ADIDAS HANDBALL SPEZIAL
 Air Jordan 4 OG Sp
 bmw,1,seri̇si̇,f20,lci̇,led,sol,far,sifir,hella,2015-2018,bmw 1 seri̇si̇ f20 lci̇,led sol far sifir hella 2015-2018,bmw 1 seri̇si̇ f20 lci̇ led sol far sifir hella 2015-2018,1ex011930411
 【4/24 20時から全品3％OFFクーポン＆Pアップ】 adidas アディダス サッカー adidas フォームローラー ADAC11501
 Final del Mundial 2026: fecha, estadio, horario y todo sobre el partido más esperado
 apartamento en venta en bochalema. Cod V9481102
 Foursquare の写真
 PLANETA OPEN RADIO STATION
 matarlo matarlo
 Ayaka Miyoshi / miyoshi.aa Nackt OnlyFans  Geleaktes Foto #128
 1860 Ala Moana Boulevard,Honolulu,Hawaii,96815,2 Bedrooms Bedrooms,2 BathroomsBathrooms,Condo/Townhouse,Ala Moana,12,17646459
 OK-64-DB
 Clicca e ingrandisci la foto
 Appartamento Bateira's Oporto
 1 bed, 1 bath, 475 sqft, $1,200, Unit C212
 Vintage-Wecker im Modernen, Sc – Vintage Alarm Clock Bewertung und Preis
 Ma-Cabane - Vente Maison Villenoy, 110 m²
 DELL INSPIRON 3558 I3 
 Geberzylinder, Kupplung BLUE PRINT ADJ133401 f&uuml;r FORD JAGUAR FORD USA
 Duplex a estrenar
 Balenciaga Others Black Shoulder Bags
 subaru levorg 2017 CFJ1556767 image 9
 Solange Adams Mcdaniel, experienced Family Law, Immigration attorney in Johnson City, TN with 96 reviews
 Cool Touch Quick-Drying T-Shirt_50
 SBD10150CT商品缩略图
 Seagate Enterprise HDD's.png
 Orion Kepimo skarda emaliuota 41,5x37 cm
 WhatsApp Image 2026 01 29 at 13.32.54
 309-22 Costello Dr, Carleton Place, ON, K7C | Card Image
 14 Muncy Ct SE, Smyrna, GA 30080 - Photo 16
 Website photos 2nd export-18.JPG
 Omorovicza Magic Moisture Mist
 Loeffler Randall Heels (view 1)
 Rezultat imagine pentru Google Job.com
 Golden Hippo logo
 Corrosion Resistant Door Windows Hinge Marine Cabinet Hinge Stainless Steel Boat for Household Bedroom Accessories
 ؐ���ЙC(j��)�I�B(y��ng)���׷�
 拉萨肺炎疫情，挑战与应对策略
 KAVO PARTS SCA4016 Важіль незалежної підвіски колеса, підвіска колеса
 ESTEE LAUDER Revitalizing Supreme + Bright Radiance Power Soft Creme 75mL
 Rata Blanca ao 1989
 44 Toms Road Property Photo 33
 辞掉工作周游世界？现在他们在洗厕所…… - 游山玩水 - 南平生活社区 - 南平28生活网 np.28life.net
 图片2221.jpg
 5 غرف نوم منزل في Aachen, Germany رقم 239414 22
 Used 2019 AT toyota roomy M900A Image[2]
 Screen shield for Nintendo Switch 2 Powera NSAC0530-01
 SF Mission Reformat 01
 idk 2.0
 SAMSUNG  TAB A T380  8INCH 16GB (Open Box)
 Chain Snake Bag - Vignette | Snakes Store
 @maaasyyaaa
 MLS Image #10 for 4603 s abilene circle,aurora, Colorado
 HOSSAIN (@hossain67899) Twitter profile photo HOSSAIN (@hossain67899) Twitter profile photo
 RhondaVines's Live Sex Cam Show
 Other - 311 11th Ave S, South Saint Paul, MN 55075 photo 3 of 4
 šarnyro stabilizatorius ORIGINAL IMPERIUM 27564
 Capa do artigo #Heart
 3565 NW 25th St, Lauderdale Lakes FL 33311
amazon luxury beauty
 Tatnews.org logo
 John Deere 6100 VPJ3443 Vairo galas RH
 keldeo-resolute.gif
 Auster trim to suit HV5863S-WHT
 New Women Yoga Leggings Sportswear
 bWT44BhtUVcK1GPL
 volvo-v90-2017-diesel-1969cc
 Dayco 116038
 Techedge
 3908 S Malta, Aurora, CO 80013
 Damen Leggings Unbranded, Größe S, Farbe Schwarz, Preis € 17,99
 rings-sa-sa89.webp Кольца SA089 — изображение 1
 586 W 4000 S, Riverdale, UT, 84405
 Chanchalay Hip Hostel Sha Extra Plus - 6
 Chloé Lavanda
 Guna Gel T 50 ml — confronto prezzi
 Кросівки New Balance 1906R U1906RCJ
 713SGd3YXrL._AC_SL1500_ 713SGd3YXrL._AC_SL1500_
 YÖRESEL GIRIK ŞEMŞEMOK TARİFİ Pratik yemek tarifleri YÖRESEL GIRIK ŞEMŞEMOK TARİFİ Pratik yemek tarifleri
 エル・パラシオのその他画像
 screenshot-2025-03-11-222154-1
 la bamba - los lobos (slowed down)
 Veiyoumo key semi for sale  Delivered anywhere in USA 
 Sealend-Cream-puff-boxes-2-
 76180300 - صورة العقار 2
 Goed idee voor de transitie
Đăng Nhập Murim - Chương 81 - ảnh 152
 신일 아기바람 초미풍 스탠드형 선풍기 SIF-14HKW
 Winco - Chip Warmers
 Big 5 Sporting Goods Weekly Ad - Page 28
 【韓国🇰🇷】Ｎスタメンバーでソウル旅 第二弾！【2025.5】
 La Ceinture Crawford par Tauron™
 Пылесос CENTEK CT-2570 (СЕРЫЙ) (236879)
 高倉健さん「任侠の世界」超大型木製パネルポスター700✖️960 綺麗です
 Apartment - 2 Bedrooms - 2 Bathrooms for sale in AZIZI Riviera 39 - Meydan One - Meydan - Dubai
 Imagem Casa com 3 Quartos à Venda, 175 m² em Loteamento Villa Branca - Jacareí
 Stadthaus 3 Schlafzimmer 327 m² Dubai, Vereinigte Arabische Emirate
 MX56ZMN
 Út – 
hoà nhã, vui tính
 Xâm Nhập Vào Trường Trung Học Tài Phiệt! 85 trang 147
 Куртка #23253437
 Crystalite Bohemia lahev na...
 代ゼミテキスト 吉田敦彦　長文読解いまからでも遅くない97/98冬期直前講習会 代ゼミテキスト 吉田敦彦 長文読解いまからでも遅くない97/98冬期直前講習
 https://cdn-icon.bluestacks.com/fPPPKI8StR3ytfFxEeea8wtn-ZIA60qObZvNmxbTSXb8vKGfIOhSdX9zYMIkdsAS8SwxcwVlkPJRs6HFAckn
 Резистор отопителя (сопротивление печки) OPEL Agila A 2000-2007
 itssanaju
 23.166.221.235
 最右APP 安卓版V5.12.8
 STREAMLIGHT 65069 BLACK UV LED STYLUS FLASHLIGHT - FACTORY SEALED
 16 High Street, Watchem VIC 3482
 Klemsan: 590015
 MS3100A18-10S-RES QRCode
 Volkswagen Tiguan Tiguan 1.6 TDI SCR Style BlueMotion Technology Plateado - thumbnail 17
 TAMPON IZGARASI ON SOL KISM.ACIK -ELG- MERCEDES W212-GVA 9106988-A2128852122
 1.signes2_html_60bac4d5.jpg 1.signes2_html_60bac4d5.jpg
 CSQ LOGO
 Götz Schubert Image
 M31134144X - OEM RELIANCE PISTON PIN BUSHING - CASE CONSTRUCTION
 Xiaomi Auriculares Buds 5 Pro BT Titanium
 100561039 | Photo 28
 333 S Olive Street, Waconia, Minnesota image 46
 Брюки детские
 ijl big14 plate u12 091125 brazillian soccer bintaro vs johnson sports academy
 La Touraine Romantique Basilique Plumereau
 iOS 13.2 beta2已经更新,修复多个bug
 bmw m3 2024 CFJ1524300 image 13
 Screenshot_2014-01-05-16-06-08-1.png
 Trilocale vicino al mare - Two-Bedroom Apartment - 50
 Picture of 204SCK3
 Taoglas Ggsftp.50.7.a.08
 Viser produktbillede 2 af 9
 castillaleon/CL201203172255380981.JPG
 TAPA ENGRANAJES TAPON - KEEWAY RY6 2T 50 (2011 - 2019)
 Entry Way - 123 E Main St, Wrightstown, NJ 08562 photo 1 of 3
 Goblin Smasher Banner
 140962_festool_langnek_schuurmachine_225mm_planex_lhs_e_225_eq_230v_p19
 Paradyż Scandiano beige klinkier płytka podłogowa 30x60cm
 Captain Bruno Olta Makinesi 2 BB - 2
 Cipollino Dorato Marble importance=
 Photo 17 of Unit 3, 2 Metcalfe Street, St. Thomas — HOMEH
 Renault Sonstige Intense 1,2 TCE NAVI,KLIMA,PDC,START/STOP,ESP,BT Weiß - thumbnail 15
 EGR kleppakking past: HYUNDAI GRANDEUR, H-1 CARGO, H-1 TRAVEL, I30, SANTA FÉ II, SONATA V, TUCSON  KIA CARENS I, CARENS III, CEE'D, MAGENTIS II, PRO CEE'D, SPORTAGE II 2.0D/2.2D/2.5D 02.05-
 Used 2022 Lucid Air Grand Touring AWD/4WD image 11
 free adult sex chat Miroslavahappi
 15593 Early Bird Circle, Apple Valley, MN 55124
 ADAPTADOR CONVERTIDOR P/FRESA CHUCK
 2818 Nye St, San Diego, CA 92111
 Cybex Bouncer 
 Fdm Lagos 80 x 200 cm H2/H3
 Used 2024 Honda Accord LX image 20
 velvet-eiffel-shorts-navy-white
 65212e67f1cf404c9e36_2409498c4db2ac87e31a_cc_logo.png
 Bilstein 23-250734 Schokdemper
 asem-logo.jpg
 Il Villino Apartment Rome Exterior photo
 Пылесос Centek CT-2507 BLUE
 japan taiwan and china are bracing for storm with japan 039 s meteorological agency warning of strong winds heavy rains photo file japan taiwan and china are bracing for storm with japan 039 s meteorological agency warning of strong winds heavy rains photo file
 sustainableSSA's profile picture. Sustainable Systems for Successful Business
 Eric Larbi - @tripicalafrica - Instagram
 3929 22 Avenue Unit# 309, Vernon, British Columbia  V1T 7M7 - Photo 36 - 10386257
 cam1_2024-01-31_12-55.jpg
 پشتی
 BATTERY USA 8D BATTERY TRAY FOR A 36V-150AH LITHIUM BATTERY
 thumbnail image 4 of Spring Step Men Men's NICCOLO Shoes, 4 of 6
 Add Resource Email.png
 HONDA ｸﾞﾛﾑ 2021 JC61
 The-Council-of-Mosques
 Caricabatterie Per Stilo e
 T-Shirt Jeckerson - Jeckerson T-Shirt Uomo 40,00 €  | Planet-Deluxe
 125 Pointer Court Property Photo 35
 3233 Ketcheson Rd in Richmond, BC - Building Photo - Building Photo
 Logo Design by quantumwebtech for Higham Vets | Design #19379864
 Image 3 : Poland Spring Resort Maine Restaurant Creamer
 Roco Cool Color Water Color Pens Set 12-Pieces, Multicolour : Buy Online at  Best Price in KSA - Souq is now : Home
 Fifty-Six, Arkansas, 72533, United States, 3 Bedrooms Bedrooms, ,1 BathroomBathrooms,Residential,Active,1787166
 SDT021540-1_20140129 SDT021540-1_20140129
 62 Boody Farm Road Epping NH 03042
----------
* Exercise prompt: What should be returned is the run of lines from the first line of the material through the line containing "subaru levorg 2017 CFJ1556767 image 9", exact and inclusive, and nothing else.

* Your solution:
ADIDAS HANDBALL SPEZIAL
 Air Jordan 4 OG Sp
 bmw,1,seri̇si̇,f20,lci̇,led,sol,far,sifir,hella,2015-2018,bmw 1 seri̇si̇ f20 lci̇,led sol far sifir hella 2015-2018,bmw 1 seri̇si̇ f20 lci̇ led sol far sifir hella 2015-2018,1ex011930411
 【4/24 20時から全品3％OFFクーポン＆Pアップ】 adidas アディダス サッカー adidas フォームローラー ADAC11501
 Final del Mundial 2026: fecha, estadio, horario y todo sobre el partido más esperado
 apartamento en venta en bochalema. Cod V9481102
 Foursquare の写真
 PLANETA OPEN RADIO STATION
 matarlo matarlo
 Ayaka Miyoshi / miyoshi.aa Nackt OnlyFans  Geleaktes Foto #128
 1860 Ala Moana Boulevard,Honolulu,Hawaii,96815,2 Bedrooms Bedrooms,2 BathroomsBathrooms,Condo/Townhouse,Ala Moana,12,17646459
 OK-64-DB
 Clicca e ingrandisci la foto
 Appartamento Bateira's Oporto
 1 bed, 1 bath, 475 sqft, $1,200, Unit C212
 Vintage-Wecker im Modernen, Sc – Vintage Alarm Clock Bewertung und Preis
 Ma-Cabane - Vente Maison Villenoy, 110 m²
 DELL INSPIRON 3558 I3 
 Geberzylinder, Kupplung BLUE PRINT ADJ133401 f&uuml;r FORD JAGUAR FORD USA
 Duplex a estrenar
 Balenciaga Others Black Shoulder Bags
 subaru levorg 2017 CFJ1556767 image 9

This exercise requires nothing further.